[Crawled caption data]
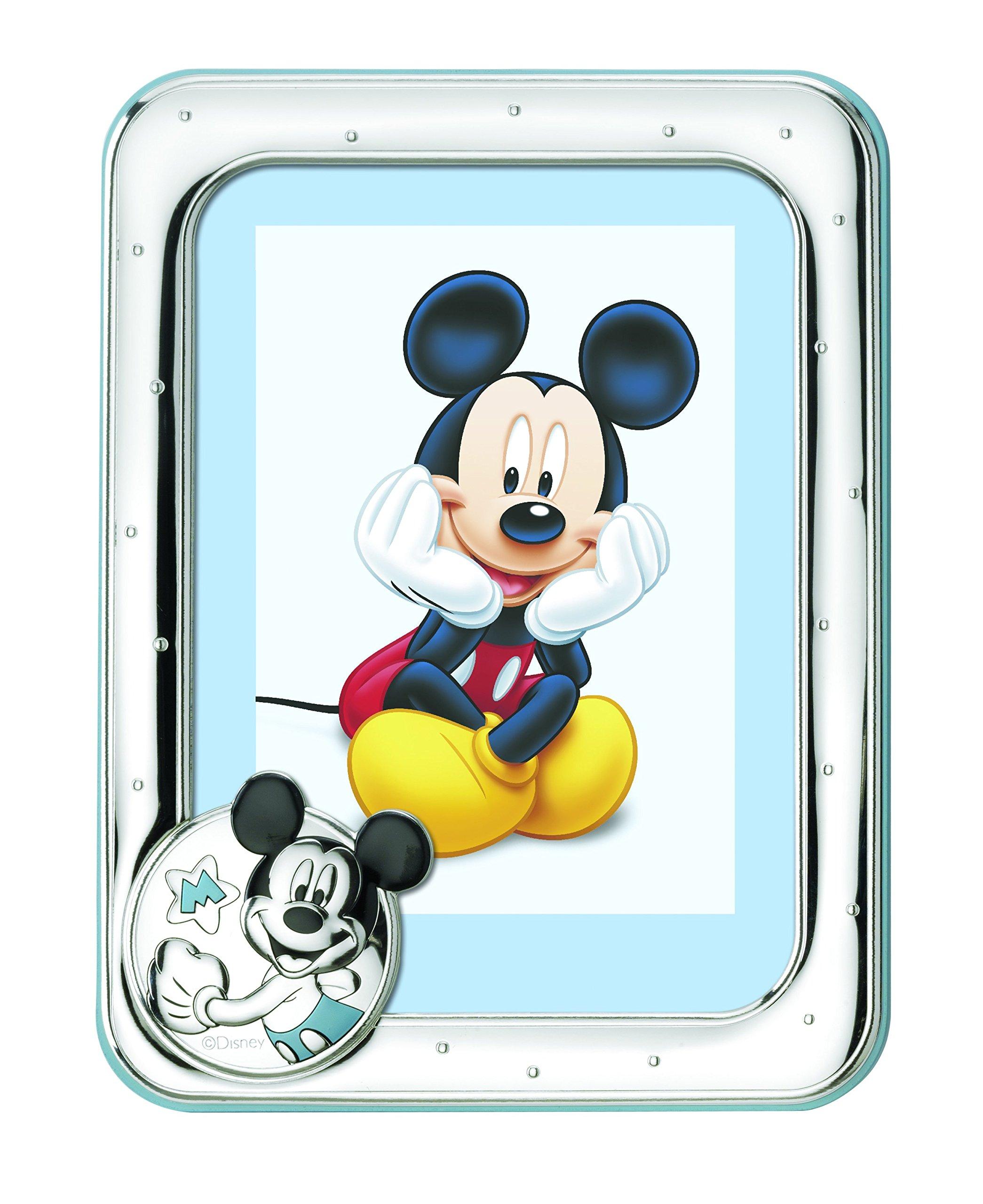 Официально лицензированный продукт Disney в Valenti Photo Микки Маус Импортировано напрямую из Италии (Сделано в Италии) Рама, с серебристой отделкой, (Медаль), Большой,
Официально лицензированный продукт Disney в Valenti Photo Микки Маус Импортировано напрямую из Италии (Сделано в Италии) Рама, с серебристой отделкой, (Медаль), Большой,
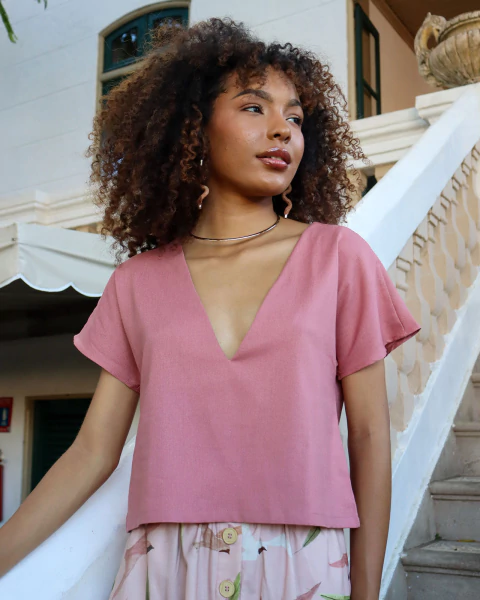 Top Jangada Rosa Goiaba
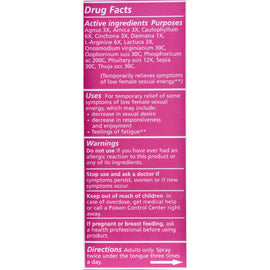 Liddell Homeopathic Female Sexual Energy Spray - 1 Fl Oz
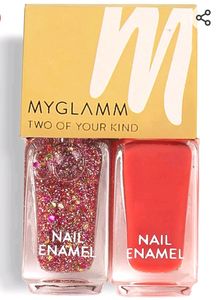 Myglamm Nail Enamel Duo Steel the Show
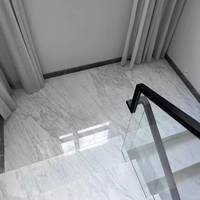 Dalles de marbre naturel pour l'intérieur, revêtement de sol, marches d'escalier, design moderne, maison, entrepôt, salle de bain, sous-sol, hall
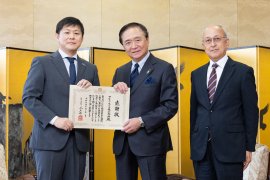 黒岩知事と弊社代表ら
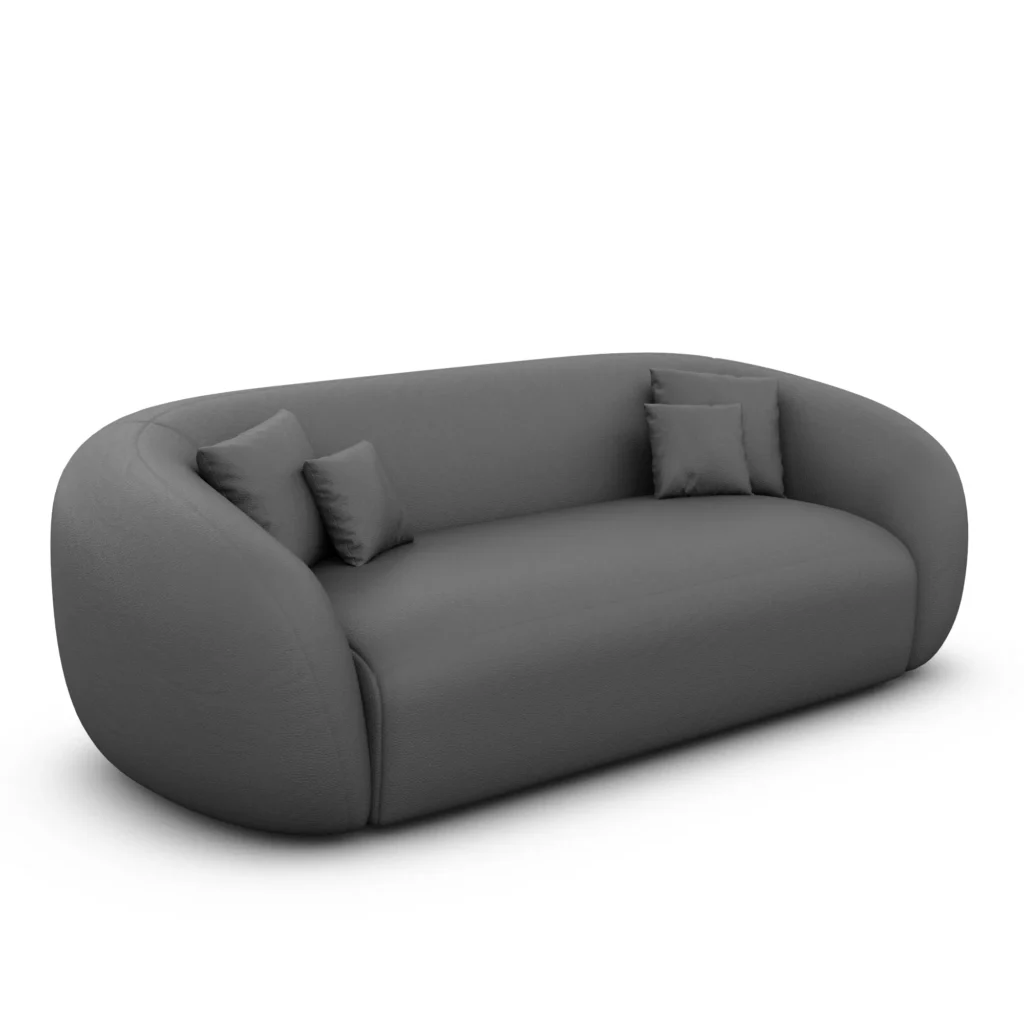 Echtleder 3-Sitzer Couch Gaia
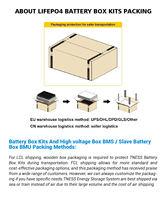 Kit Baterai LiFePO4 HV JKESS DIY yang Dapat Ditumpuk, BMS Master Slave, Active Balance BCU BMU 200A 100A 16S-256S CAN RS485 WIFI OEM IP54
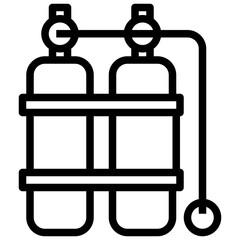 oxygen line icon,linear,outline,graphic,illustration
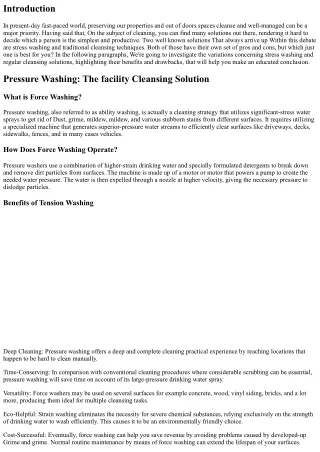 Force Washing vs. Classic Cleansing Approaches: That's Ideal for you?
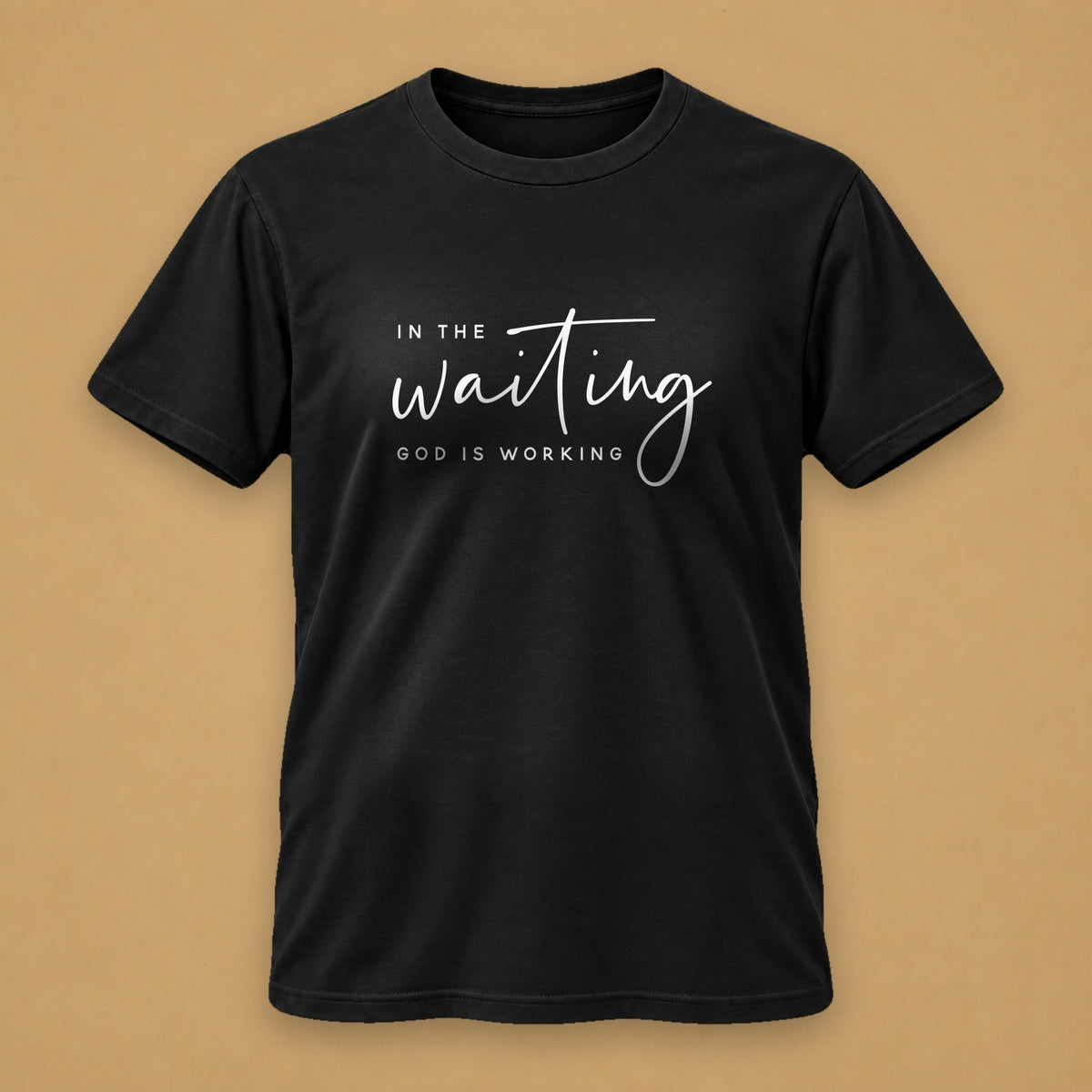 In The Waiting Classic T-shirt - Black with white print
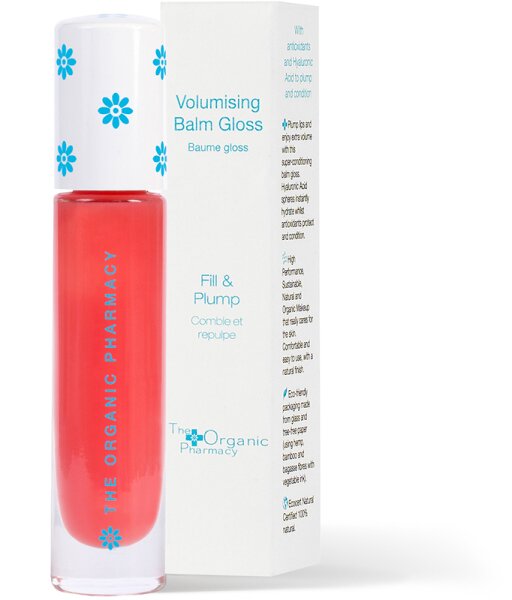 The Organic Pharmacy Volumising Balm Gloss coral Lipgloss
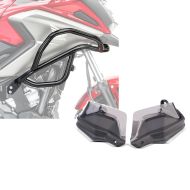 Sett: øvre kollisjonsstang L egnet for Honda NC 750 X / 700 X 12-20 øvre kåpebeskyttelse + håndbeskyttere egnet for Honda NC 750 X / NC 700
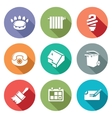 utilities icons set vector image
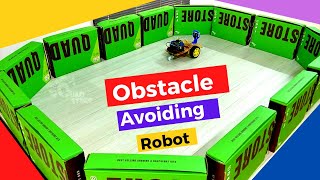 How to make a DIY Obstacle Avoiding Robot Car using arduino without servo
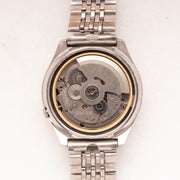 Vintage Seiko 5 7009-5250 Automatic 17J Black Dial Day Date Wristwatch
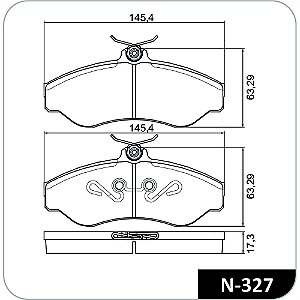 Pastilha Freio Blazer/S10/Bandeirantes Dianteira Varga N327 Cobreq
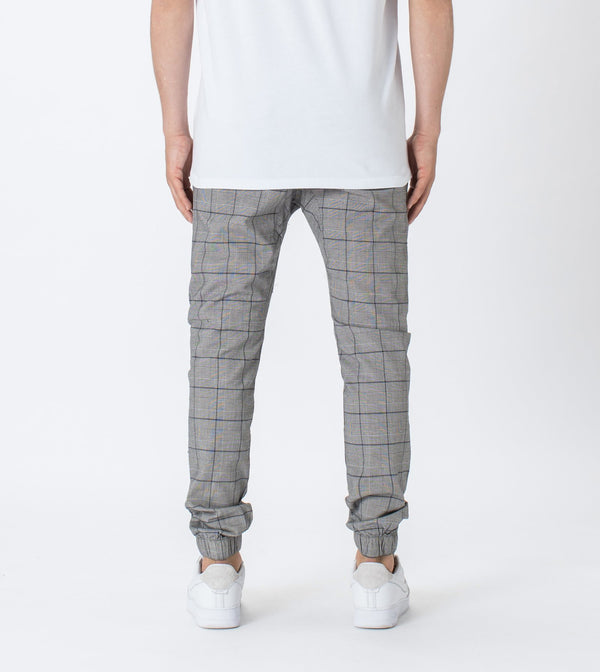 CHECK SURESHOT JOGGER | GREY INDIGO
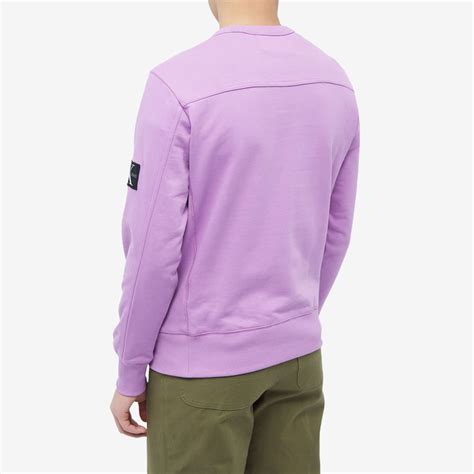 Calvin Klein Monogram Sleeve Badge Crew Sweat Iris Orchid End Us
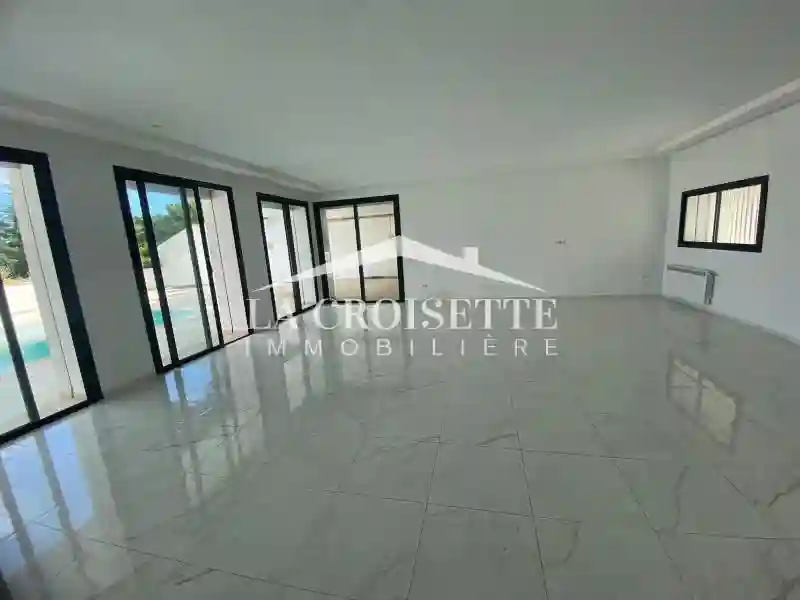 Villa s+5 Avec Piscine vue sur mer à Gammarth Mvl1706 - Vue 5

*Aim of the task*
Find the line with "Top Jangada Rosa Goiaba" in the entries above. Set down exactly every line from it up to and including the line with "Echtleder 3-Sitzer Couch Gaia", images excluded.

*Finished task*
 Top Jangada Rosa Goiaba
 Liddell Homeopathic Female Sexual Energy Spray - 1 Fl Oz
 Myglamm Nail Enamel Duo Steel the Show
 Dalles de marbre naturel pour l'intérieur, revêtement de sol, marches d'escalier, design moderne, maison, entrepôt, salle de bain, sous-sol, hall
 黒岩知事と弊社代表ら
 Echtleder 3-Sitzer Couch Gaia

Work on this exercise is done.